The trend could be a sign that we are in for unusually high turnout for a midterm cycle, but it also reflects a number of state efforts to make early voting easier by adding more locations and methods to cast ballots.

"We've seen that when states expand the opportunity to vote early," McDonald told ABC News, "the number of people doing so only goes up."


ABC News' "Start Here" Podcast. Friday morning’s episode features exclusive reporting from ABC News Senior Foreign Correspondent Ian Pannell on what Secretary of State Mike Pompeo knows about the disappearance of Washington Post columnist Jamal Khashoggi. ABC News’ Kyra Phillips also dives into the other side of the #MeToo movement.

FiveThirtyEight’s "Politics Podcast." ABC News’ partner FiveThirtyEight launched its 2018 governors forecast this week, and the Politics podcast team, along with editor-in-chief Nate Silver, talk about the odds in key races, including Florida, Georgia, Ohio and Wisconsin, and check in on the latest fundraising numbers.

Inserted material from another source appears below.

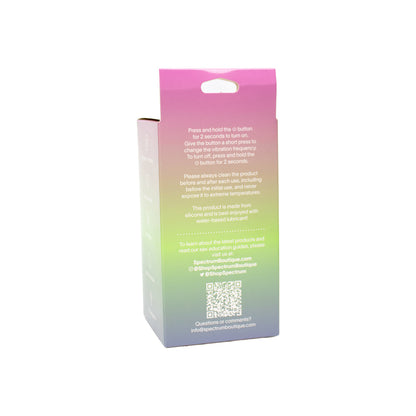 SPECTRUM - ESSENTIALS RECHARGEABLE SILICONE COMPACT EXTERNAL VIBRATOR PURPLE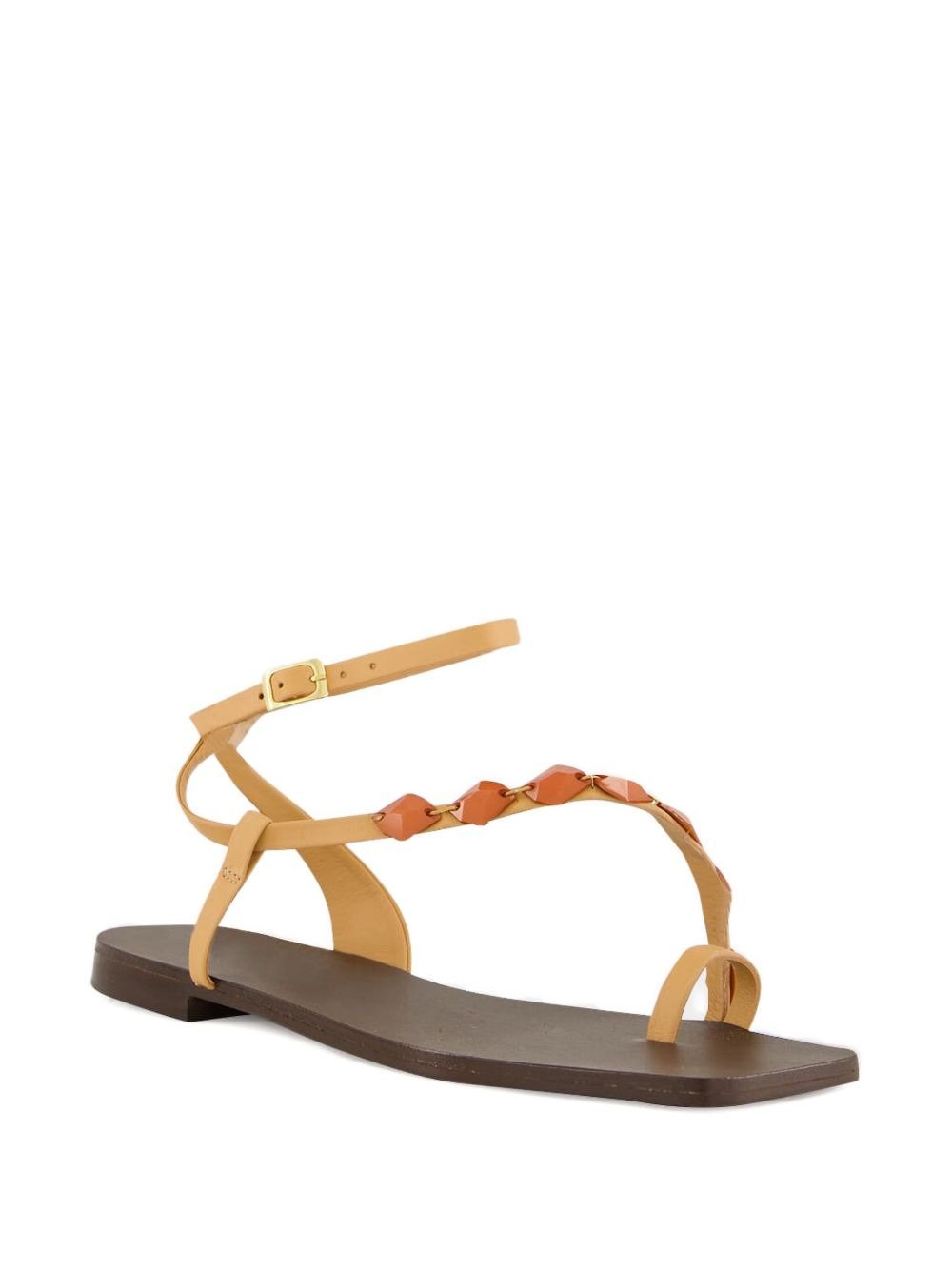 Dazzling leather crest sandals - 2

  • President Trump holds a Make America Great Again rally in Mesa, Arizona, at 9:30 p.m. EDT. This is the president’s 34th campaign rally since taking office.
  • Vice President Mike Pence holds a rally in Iowa for GOP incumbent Rep. David Young, who is battling to hold onto his seat in the 3rd Congressional District against small business owner and Democratic candidate Cindy Axne. President Trump visited the state earlier this month, and urged supporters at a Council Bluffs rally to support Young.
  • Former Democratic presidential candidate and Independent Sen. Bernie Sanders embarks on a Midwest campaign swing, holding a rally in Ann Arbor, Michigan, for gubernatorial candidate Gretchen Whitmer, after endorsing her opponent in the primary, progressive challenger Abdul El-Sayed. Sanders also holds a rally for Indiana Rep. Liz Watson, the Democratic candidate in the 9th Congressional District, in Bloomington, Indiana, and hold a Social Security town hall.
  • Nevada Democratic Rep. Jacky Rosen and Republican Sen. Dean Heller face off in a debate in Las Vegas at 9 p.m. EDT, in one of the most hotly contested Senate races this cycle. The debate comes on the heels of Rosen outraising Heller by nearly $5 million in the final quarter before Election Day.
  • The Wisconsin gubernatorial race is set to heat up on Friday when Democratic challenger Tony Evers debates incumbent Republican Gov. Scott Walker at 9 p.m. EDT in Madison. In Milwaukee, Democratic Sen. Tammy Baldwin and Republican challenger Leah Vukmir are also set to also debate at 8 p.m. EDT.
  • Bill and Chelsea Clinton host the Clinton Global Initiative’s 11th annual meeting, a three-day gathering of more than 1,000 students from around the world, alongside global leaders and policy experts, at the University of Chicago.